When the outdoor ambient temperature changes, the condensing pressure changes. This causes the receiver pressure to fluctuate accordingly. As the receiver pressure decreases, the ORO throttles the flow of liquid from the condenser. As the receiver pressure increases, the valve modulates in an opening direction to maintain a nearly constant pressure
in the receiver. Since the ambient temperature of the element affects the valve pressure setting, the control pressure may change slightly when the ambient temperature changes. However, the valve and element temperature remain fairly constant.
The ORI head pressure-control valve is an inlet pressure regulating valve. It responds to changes in condensing pressure only. The valve designation stands for opens on rise of inlet pressure. As shown in Fig. 11-32, the outlet pressure is exerted on the underside of the bellows and on top of the seat disc. Since the effective area of the bellows is equal to the area of the port, the outlet pressure cancels out. The inlet pressure acting on the bottom of the seat disc opposes the adjusting spring force. These two forces are the operating forces of the ORI.
When the outdoor ambient temperature changes. the ORI opens or closes in response to the change in condensing pressure. An increase in inlet pressure above the valve setting tends to open the valve. If the ambient temperature drops, the condenser capacity is increased and the condensing pressure drops off. This causes the ORI to start to close or assume a throttling position.
Design of air-conditioning and refrigeration systems using air-cooled condensing units involves two main problems that must be solved if the system is to be operated reliably and economically. These problems are high-ambient and low-ambient operation. If the condensing unit is properly sized, it will operate satisfactorily during extreme-ambient temperatures. However, most units will be required to operate at ambient temperatures below their design dry-bulb temperature during most of the year. Thus, the solution to low-ambient operation is more complex.
Without good head-pressure control during low-ambient operation, the system can have running-cycle and off-cycle problems. Two runningcycle problems are of prime concern:
? The pressure differential across the thermostatic-expansion valve port affects the rate of refrigerant flow. Thus, low head pressure generally causes insufficient refrigerant to be fed to the evaporator.
? Any system using hot gas for defrost or compressor-capacity control must have a normal head pressure to operate properly. In either case, failure to have sufficient head pressure will result in low suction pressure and/or iced evaporator coils.

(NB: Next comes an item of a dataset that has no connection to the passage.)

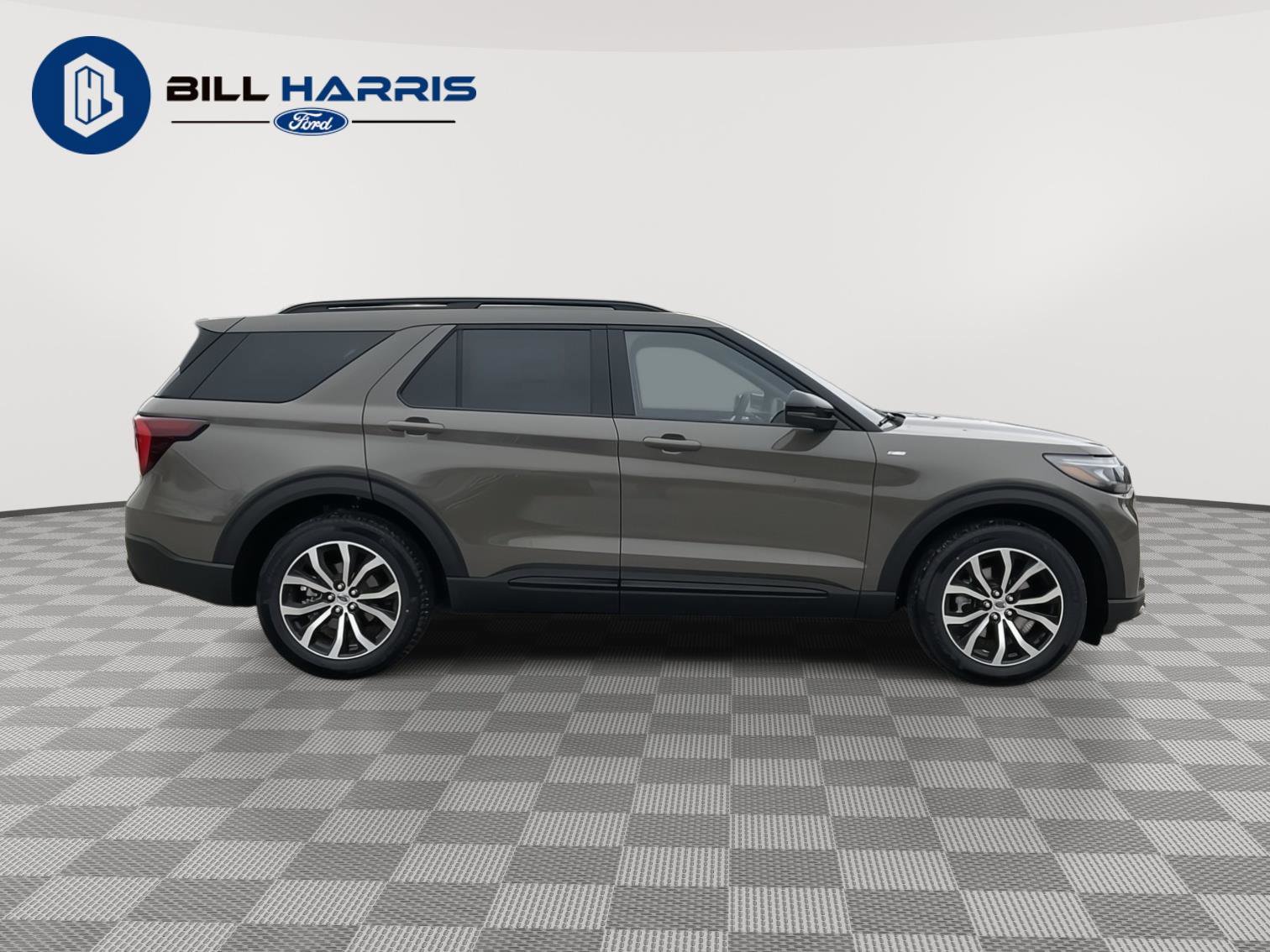 New 2026 Ford Explorer ST-Line image 4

The primary off-cycle problem is the possible inability to get the system on-the-line if the refrigerant has migrated to the condenser. The evaporator pressure may not build up to the cut-in point of the low pressure control. The compressor cannot start, even though refrigeration is required. Even if the evaporator pressure builds up to the cut-in setting, insufficient flow through the TEV will cause a low suction pressure, which results in compressor cycling.
There are nonadjustable and adjustable methods of head-pressure control by valves. Each method uses two valves designed specifically for this type of application. Low-ambient conditions are encountered during fall winter-spring operation on air-cooled systems, with the resultant drop in condensing pressure. Then, the valve’s purpose is to hold back enough of the condensed liquid refrigerant to make part of the condenser surface inactive. This reduction of active condensing surface raises condensing pressure and sufficient liquid-line pressure for normal system operation.